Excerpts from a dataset
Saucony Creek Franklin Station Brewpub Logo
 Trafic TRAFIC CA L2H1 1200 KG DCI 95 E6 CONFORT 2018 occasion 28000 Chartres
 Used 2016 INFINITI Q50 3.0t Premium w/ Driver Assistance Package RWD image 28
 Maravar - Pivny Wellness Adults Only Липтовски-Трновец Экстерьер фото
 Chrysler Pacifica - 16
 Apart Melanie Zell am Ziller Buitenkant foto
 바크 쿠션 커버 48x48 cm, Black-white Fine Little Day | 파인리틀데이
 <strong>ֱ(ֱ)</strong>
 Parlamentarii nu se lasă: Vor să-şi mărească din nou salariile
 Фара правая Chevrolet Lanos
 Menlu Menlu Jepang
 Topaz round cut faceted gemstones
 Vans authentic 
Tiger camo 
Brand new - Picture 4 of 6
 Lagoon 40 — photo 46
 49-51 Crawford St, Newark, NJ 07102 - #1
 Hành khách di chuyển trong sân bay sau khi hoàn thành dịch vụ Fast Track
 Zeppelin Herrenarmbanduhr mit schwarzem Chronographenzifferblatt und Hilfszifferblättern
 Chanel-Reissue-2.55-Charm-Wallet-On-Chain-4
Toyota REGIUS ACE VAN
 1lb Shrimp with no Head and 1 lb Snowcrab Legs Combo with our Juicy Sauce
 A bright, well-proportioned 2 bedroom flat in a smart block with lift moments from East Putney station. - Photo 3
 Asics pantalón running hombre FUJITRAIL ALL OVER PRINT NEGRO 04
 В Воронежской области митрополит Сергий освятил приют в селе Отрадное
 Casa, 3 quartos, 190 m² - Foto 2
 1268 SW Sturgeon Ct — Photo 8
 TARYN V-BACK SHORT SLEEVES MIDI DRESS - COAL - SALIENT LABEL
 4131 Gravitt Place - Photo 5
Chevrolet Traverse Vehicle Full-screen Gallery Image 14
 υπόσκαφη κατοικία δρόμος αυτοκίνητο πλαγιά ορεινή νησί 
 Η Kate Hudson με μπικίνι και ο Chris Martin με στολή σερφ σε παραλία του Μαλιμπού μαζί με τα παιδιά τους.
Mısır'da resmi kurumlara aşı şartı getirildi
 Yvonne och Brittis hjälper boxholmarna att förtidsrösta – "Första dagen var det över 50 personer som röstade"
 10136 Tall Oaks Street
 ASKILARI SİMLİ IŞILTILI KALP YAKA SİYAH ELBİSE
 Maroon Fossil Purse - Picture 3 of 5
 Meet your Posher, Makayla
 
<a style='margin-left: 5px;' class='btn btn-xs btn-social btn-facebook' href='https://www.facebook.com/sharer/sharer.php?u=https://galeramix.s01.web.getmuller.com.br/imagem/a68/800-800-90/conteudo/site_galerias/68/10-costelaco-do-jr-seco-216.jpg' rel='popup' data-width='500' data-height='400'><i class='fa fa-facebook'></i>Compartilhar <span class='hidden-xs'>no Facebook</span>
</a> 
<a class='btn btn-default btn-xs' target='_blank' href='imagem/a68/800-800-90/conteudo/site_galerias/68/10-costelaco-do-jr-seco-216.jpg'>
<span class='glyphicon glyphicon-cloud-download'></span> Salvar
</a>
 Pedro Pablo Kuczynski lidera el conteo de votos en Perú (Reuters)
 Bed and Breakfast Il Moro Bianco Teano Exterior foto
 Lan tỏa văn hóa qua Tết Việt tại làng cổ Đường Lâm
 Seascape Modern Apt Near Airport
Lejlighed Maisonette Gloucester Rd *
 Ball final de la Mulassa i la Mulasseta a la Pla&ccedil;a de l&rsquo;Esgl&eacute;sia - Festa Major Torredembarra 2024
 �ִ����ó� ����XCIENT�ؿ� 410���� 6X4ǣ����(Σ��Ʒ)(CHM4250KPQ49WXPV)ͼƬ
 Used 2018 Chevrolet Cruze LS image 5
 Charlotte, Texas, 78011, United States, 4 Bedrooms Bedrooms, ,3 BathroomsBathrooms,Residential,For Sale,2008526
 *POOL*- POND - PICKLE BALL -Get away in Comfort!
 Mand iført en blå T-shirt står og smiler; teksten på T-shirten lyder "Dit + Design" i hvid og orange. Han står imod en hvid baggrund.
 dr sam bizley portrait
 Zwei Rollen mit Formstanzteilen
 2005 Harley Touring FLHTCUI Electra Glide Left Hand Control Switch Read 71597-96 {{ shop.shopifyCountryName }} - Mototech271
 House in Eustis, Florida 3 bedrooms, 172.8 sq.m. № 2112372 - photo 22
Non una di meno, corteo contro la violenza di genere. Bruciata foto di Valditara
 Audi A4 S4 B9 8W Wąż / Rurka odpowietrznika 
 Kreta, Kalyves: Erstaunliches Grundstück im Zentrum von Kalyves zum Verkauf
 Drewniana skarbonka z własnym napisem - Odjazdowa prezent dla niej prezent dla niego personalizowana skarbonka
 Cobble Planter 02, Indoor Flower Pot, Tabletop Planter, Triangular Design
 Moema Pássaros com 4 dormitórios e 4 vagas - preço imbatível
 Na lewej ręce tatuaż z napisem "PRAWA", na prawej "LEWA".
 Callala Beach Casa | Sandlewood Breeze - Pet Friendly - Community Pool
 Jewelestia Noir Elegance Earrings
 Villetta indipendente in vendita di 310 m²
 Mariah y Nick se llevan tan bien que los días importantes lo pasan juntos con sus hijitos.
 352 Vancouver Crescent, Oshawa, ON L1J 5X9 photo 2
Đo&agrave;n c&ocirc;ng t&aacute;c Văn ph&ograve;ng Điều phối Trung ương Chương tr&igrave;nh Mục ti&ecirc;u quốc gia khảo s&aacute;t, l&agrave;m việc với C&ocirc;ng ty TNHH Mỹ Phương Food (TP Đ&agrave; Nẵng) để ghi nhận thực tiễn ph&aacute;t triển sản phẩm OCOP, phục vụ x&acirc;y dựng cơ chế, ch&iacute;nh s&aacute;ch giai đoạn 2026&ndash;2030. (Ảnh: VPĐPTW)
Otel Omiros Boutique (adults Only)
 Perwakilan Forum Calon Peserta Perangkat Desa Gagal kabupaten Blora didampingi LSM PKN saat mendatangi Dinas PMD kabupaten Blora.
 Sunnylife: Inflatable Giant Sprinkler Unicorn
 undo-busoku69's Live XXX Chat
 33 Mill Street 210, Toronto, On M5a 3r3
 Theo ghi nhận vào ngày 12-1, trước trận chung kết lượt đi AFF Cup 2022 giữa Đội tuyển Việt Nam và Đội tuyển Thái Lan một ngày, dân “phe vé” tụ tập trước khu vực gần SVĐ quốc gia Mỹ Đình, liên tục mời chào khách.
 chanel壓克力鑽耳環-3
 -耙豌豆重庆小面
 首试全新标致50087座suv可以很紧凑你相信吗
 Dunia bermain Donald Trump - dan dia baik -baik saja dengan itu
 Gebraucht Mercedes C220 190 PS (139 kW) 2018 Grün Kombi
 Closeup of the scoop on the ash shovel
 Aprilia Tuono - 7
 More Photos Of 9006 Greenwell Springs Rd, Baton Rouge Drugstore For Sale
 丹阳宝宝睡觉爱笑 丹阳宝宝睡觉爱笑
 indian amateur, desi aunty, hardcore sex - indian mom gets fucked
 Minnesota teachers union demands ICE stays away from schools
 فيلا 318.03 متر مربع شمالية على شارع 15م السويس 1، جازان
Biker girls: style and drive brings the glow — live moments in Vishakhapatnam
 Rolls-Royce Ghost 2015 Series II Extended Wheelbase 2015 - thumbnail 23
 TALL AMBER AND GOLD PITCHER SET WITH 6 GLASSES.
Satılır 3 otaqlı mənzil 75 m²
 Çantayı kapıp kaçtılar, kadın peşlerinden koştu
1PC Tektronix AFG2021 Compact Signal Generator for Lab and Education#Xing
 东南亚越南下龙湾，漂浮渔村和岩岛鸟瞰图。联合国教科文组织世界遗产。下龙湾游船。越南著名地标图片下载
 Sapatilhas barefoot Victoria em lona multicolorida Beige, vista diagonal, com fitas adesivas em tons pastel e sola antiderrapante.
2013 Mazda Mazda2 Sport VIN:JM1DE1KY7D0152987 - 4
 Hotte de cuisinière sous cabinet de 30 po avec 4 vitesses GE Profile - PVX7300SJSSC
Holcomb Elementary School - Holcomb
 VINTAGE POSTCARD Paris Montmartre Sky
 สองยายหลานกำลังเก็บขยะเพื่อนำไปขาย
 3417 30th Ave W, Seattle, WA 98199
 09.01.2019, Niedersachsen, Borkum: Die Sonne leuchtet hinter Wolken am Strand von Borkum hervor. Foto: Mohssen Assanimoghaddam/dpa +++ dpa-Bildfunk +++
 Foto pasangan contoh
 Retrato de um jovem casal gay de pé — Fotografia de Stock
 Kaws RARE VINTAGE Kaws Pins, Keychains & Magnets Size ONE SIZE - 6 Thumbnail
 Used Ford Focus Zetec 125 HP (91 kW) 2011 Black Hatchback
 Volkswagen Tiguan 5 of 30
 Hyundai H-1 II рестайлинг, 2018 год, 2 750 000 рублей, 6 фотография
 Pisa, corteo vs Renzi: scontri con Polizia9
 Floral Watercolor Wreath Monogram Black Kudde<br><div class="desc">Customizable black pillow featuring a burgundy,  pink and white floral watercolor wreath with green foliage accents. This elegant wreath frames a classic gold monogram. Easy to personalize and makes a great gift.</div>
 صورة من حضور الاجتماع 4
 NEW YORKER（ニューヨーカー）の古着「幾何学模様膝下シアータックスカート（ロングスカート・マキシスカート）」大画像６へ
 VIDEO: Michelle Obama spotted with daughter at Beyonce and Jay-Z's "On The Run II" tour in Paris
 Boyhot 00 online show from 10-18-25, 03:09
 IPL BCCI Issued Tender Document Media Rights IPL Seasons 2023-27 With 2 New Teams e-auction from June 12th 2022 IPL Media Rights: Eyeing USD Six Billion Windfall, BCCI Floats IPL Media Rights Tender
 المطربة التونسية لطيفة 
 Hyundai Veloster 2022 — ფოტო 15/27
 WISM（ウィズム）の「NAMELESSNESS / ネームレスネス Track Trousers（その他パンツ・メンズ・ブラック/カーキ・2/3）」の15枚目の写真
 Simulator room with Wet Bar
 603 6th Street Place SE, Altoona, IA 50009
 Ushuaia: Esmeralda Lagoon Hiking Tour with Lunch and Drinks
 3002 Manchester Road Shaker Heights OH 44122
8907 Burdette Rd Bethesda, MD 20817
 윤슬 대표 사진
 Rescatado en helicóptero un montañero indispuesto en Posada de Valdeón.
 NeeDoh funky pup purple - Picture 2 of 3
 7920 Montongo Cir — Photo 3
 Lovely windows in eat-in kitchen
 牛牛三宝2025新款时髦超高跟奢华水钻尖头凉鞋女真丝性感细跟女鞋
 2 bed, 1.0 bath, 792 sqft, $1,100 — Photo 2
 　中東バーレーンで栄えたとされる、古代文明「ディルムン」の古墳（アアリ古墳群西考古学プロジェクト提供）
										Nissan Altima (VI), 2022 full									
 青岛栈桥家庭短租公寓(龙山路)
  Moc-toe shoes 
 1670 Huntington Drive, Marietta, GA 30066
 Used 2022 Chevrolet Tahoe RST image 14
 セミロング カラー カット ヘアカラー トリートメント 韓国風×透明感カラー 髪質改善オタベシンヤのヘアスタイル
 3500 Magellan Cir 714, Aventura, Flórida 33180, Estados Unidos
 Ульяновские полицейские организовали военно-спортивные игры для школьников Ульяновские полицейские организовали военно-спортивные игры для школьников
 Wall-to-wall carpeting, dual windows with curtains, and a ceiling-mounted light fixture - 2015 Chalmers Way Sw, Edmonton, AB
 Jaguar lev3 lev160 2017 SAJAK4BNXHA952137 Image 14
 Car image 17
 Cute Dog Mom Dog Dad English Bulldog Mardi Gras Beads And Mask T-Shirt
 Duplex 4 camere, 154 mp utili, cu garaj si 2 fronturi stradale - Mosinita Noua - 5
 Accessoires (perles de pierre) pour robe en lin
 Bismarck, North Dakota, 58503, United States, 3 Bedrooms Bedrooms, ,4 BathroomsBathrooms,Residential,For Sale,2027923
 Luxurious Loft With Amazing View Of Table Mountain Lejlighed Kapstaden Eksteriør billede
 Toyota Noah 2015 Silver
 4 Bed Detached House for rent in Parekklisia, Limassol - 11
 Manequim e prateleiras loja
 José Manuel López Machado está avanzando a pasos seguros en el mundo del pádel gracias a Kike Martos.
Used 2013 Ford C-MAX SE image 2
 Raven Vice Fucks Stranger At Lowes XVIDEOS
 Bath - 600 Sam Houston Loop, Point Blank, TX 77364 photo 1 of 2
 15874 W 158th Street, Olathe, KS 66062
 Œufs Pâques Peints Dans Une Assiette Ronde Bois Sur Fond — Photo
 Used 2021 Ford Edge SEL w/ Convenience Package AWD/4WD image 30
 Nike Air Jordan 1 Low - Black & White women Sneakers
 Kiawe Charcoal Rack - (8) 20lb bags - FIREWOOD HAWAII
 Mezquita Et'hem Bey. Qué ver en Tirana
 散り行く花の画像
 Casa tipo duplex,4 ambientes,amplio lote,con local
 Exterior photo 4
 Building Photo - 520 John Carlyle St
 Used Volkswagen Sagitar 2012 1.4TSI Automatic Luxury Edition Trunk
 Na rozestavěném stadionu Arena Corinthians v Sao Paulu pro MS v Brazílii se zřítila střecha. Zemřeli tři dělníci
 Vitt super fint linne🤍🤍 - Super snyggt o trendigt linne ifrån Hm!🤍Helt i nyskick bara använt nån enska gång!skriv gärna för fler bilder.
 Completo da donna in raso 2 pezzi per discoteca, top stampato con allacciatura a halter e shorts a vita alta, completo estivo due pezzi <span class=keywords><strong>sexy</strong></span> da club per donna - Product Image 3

(Required action)
Your answer must be one number: how many lines of the data contain "strong".

(Final answer)
2